Los primeros pasionistas llegaron a Mieres a principios de 1907 para hacerse cargo de la administración de la tradicional capilla del Carmen en La Villa y se establecieron en una casa que les cedió doña Enriqueta, la viuda de Numa Guilhou. También fue esta familia quien en 1898, había encargado las Hermanas dominicas de La Anunciata la dirección de un colegio en Ablaña, destinado a la educación de las hijas de sus obreros y empleados y en 1904, con la colaboración de la Junta Provincial de Beneficencia volvió a llamar a una de las congregaciones más importantes de Francia, los Hermanos de la Salle, para abrir otro colegio, esta vez destinado a los niños.

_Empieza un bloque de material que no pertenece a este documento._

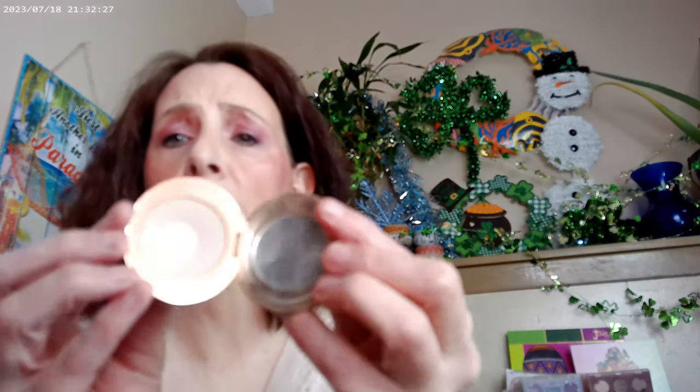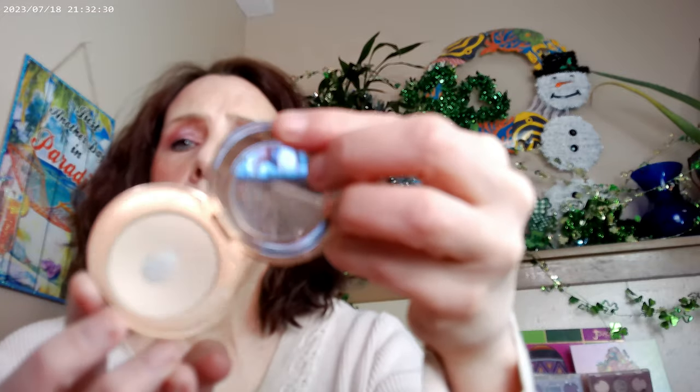Then I used another iconic Charlotte Tilbury product — her powder that everybody raved about, and it deserves it. I have mine in Fair One. This powder is gorgeous; it literally goes ahead and erases fine lines. I love using this powder — it also mattifies a little bit. If you want something that erases fine lines and texture, this kind of does it, and it's pretty wonderful.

A partir de 1881 el país vecino se había convertido paulatinamente en un estado laico promulgando una serie de leyes que separaron definitivamente la religión de la vida pública: se prohibieron los símbolos cristianos en las salas de audiencia de la administración de justicia; luego, la presencia de los religiosos en los actos castrenses y ya en 1904 también se les alejó de las escuelas, expropiándoles numerosos edificios. La consecuencia fue que unos 33.000 religiosos y religiosas abandonaron Francia trasladándose a otros estados donde la legislación era más tolerante con su actividad y los Guilhou, de origen francés, tras una rápida evolución que los había llevado en tres generaciones del judaísmo a la Iglesia de Roma, pasando en la del medio por el calvinismo, actuaron en Asturias como fervientes benefactores de su nuevo credo.

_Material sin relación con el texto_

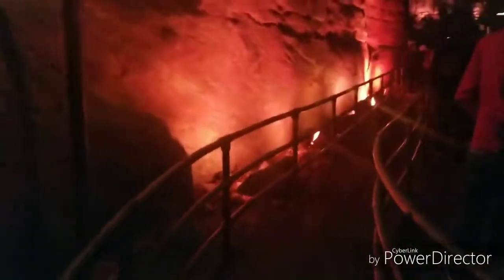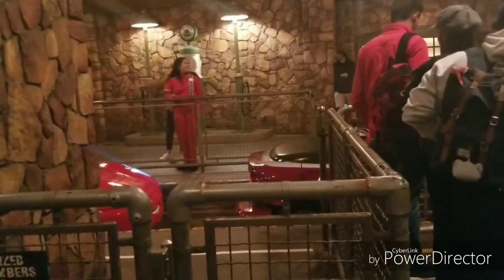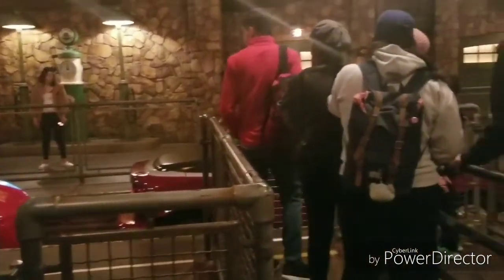Our last single rider experience of the day is going to be Radiator Springs Racers — it's right behind me. There is no line at all for single rider at Radiator Springs Racers — almost straight to the front. I just got off Radiator Springs Racers via single rider and the total wait time was 8 minutes, which is incredible. The regular standby time for Radiator Springs Racers is about an hour, and this is normally a long wait ride. Single rider here is definitely worth doing regularly.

En España también se respiraban los mismos aires, aunque aquí se intentó primero un acuerdo con las autoridades vaticanas para separar a la Iglesia del Estado a través de negociaciones, pero al llegar a un punto muerto, en diciembre de 1910 el presidente José Canalejas, de orientación liberal progresista, decidió promulgar la llamada ley del candado que prohibió durante dos años el establecimiento de nuevas congregaciones religiosas sin autorización expresa.

Con esta situación de fondo, los pasionistas llegaron a la Montaña Central. Según cuentan ellos mismos, el primer contacto lo realizó uno de sus predicadores que manifestó sus intenciones al párroco de Villallana, quien no tardó en llevarle hasta el palacio de Langreo en el que residía la marquesa de Camposagrado y luego a Oviedo donde el obispo Francisco Javier Baztán dio su autorización para el establecimiento de la orden y les cedió el pequeño templo del Carmen hasta que pudiesen levantar otro de mayor capacidad, más apropiado para su misión.

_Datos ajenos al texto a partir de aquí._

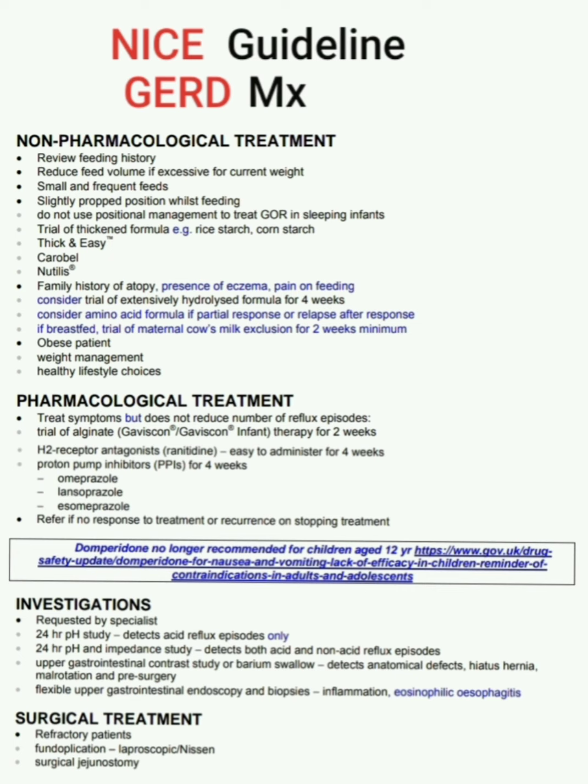Investigations for GERD are requested by specialists. These include: 24-hour pH study, which detects acid reflux episodes only; 24-hour pH and impedance study, which detects both acid and non-acid reflux episodes; and upper gastrointestinal contrast study or barium swallow, which detects anatomical defects such as hiatus hernia, malrotation, and is used pre-surgery.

Los frailes se acomodaron, como he dicho, en la propiedad de los Guilhou y en mayo de 1909 ya pudieron pasar a su propio convento e inaugurar al año siguiente la flamante iglesia que algunos aún recuerdan antes de su derribo para dejar paso a la actual. Estaba un poco más allá, junto a las vías del ferrocarril Vasco-Asturiano, y todo el terreno que adquirieron por 15.000 pesetas ocupaba 4 días de bueyes. De la tensión y el nerviosismo que se vivía en aquellos meses da idea el saber que poco antes la comunidad pasionista de Mieres fue declarada como asociación ilegal porque no se había inscrito en el registro civil, pero gracias a la influencia de sus protectores, la causa no tardó en ser archivada.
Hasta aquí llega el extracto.